SGD Test with l2 RMSE and alpha = 0.01: 4346.933


### RESULTS

In [26]:
rmses.sort_values(by=['rmse'])

Unnamed: 0,model,rmse
0,SGD,4333.889941
0,SGD L2 with alpha = 0.01,4346.932623
0,SGD L2 with alpha = 0.0001,4350.112099
0,SGD L2 with alpha = 0.001,4673.030094


### CONCLUSION

The RMSE values for different variations of Stochastic Gradient Descent (SGD) using L2 regularization allowed us to perform a comprehensive analysis of how well the SGDRegressor performed after incorporating regularization.

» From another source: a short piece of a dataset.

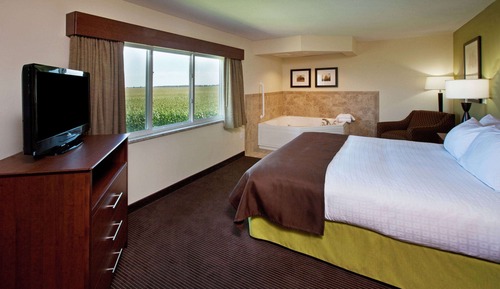 Suite Deluxe, 1 habitación, no fumadores (1 King Bed)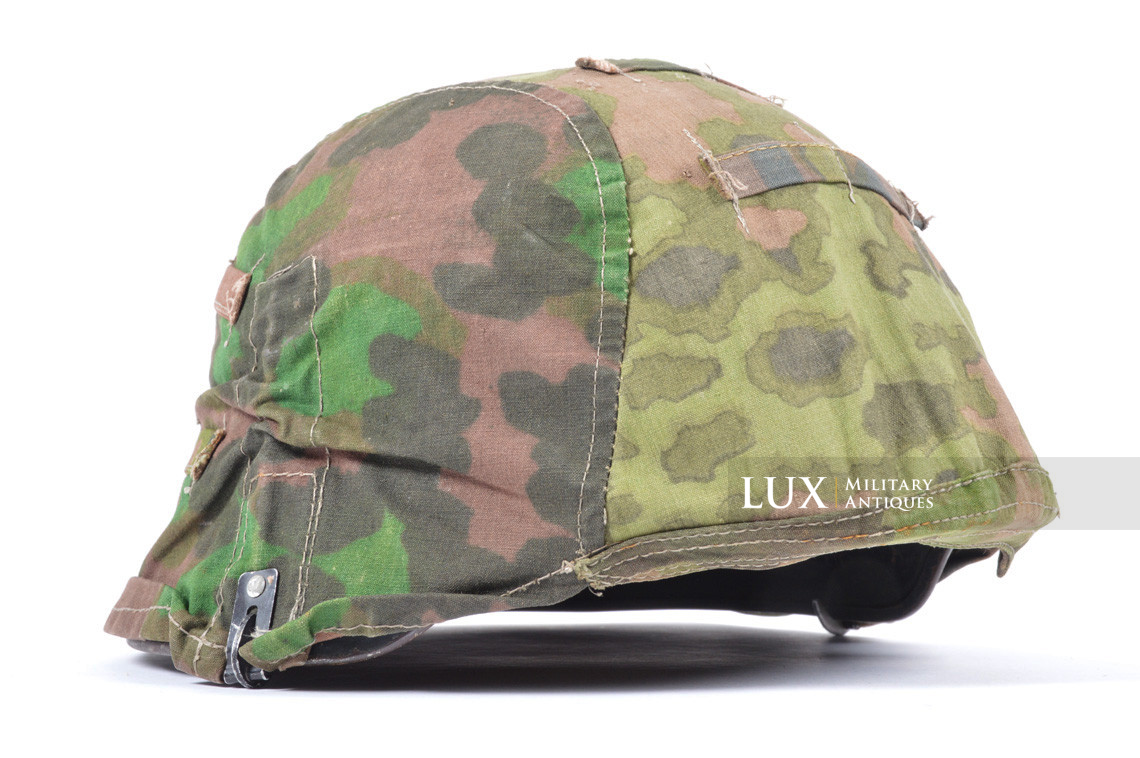 Second pattern Waffen-SS helmet cover, « oakleaf / plane tree » - photo 7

Let's discuss the observed performance differences compared to the previous implementation without regularization and evaluate and compare the results obtained using each of the three alpha values (0.0001, 0.001, 0.01). We will also analyze the impact of L2 regularization on the model's ability to generalize and control overfitting or underfitting.

1. SGD without regularization (SGD):
   - RMSE: 4333.889941
   
   This model represents the baseline performance of SGD without any regularization. It provides a reference point for evaluating the impact of L2 regularization on the model's performance.

2. SGD with L2 regularization (alpha = 0.0001):
   - RMSE: 4350.112099
   
   With a small alpha value (0.0001), the model shows a slightly higher RMSE compared to the baseline SGD model. This suggests that the regularization has a minor impact on the model's performance. However, it also indicates that the regularization parameter might be too small to have a significant effect on preventing overfitting.

3. SGD with L2 regularization (alpha = 0.001):
   - RMSE: 4673.030094
   
   Increasing the alpha value to 0.001 further impacts the model's performance, resulting in a higher RMSE compared to both the baseline SGD and the previous alpha value (0.0001). This indicates that the regularization is starting to have a noticeable effect, but it might be introducing some underfitting.

4. SGD with L2 regularization (alpha = 0.01):
   - RMSE: 4346.932623
   
   Setting a higher alpha value of 0.01 leads to a similar RMSE as the baseline SGD model. This suggests that the regularization parameter might be too large, causing the model to be overly regularized and lose some predictive power.

Finally, the inclusion of L2 regularization introduced a trade-off between bias and variance in the model. A small alpha value (e.g., 0.0001) has a minimal impact on reducing overfitting, but it also has limited effectiveness in improving performance. On the other hand, a larger alpha value (e.g., 0.001) can lead to underfitting by excessively penalizing model complexity. The optimal alpha value depends on the the specific problem at hand, and it requires careful tuning to achieve the best balance between bias and variance.

L2 regularization helps to control overfitting by adding a penalty term to the model's loss function based on the squared magnitudes of the model's coefficients. This penalty encourages the model to have smaller coefficients, reducing complexity and making it less prone to overfitting. By setting the regularization parameter too high, it can lead to underfitting, as the model is excessively regularized and loses its ability to capture important patterns in the data.

Among the results, it can be observed that the SGD model without L2 regularization (alpha = 0) achieved the lowest RMSE value of 4333.889941. Therefore, the SGD model without regularization performed the best among the models.